Instructions to follow -
Using the records below, copy exactly the part that opens with the line holding "QR code for AND044" and closes with the line holding "Palo Alto Networks", minus the pictures.

Data supplied -
_ _ _ _ _ _ _
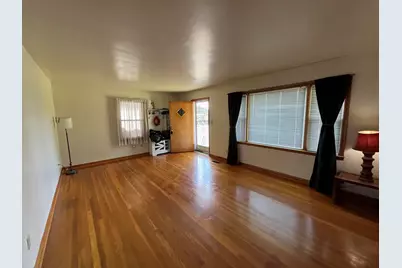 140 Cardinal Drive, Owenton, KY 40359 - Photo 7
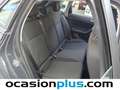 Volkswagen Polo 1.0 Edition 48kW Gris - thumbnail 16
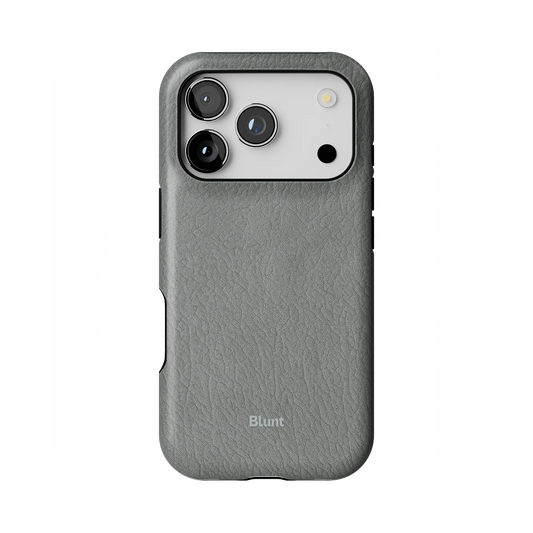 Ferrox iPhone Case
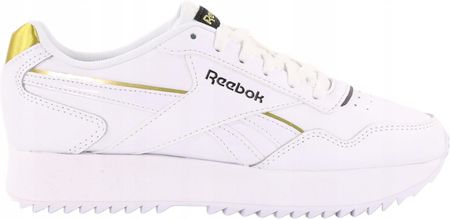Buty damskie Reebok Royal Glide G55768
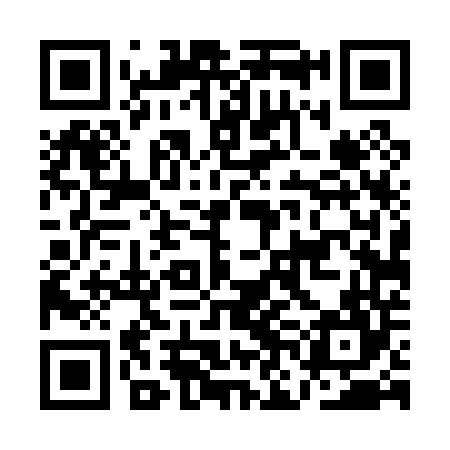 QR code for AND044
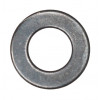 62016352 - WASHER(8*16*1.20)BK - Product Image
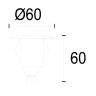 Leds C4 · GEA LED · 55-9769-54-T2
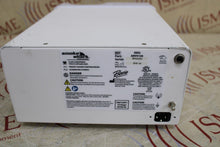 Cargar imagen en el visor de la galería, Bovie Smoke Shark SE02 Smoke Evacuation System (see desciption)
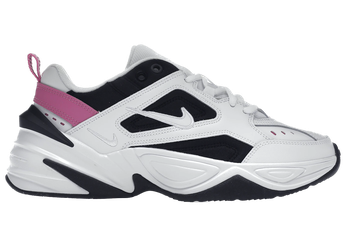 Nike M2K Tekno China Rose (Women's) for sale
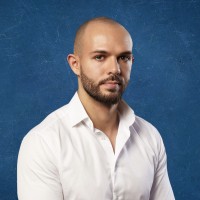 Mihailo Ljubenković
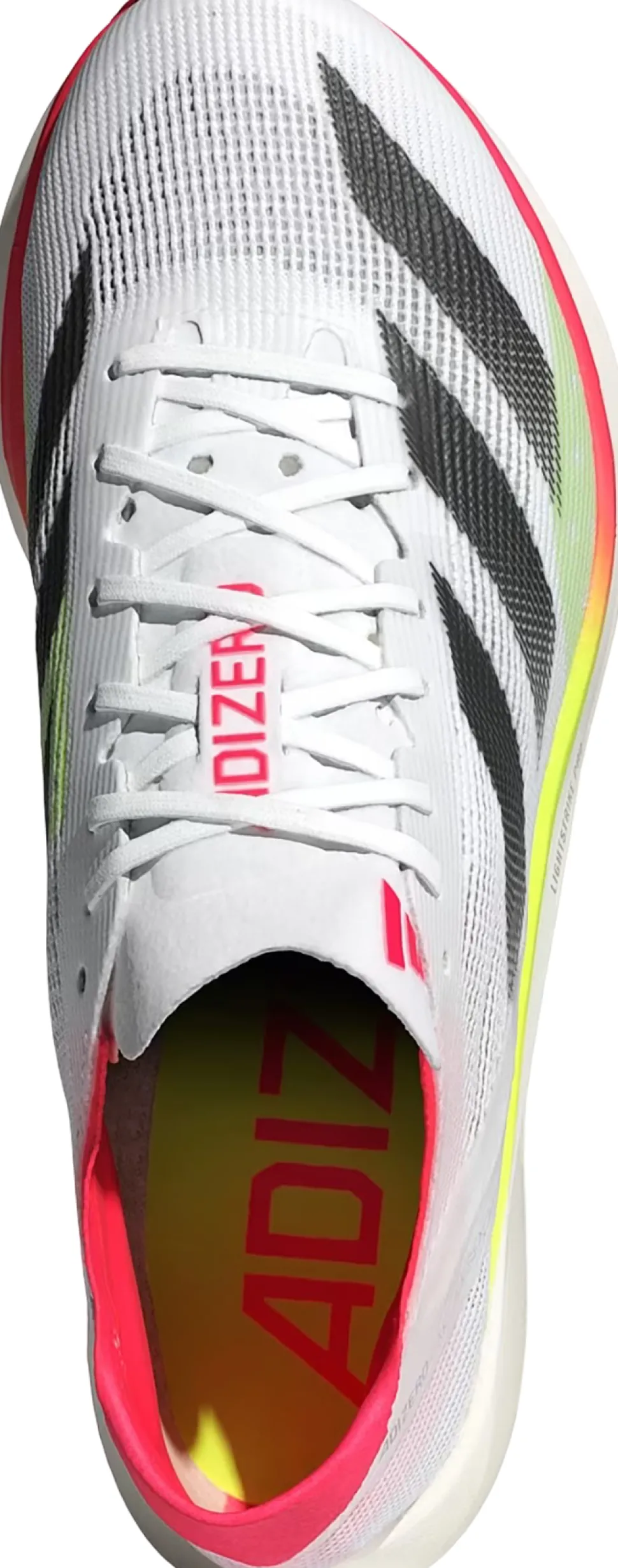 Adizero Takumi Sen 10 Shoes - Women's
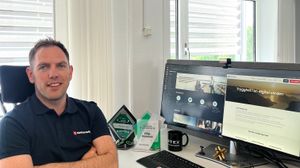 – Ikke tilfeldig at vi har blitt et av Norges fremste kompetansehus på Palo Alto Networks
_ _ _ _ _ _ _
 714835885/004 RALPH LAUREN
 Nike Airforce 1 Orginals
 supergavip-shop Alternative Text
_ _ _ _ _ _ _
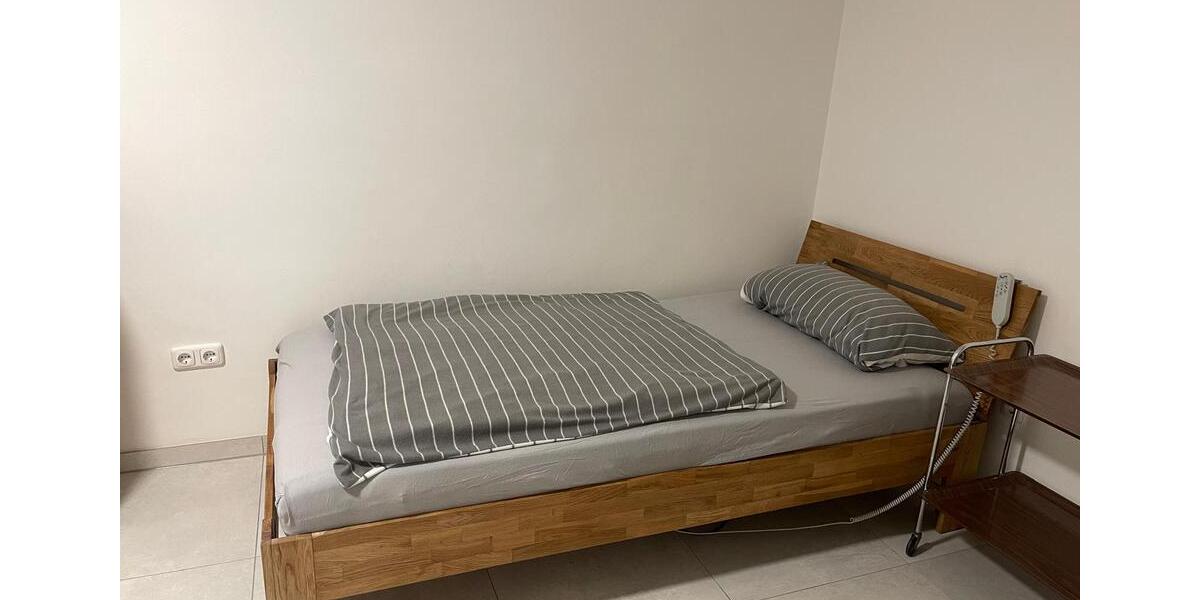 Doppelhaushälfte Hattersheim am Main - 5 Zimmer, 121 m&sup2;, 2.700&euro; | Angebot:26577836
_ _ _ _ _ _ _
Problem solution -
 QR code for AND044
 62016352 - WASHER(8*16*1.20)BK - Product Image
 Leds C4 · GEA LED · 55-9769-54-T2
 Cargar imagen en el visor de la galería, Bovie Smoke Shark SE02 Smoke Evacuation System (see desciption)
 Nike M2K Tekno China Rose (Women's) for sale
 Mihailo Ljubenković
 Adizero Takumi Sen 10 Shoes - Women's
 – Ikke tilfeldig at vi har blitt et av Norges fremste kompetansehus på Palo Alto Networks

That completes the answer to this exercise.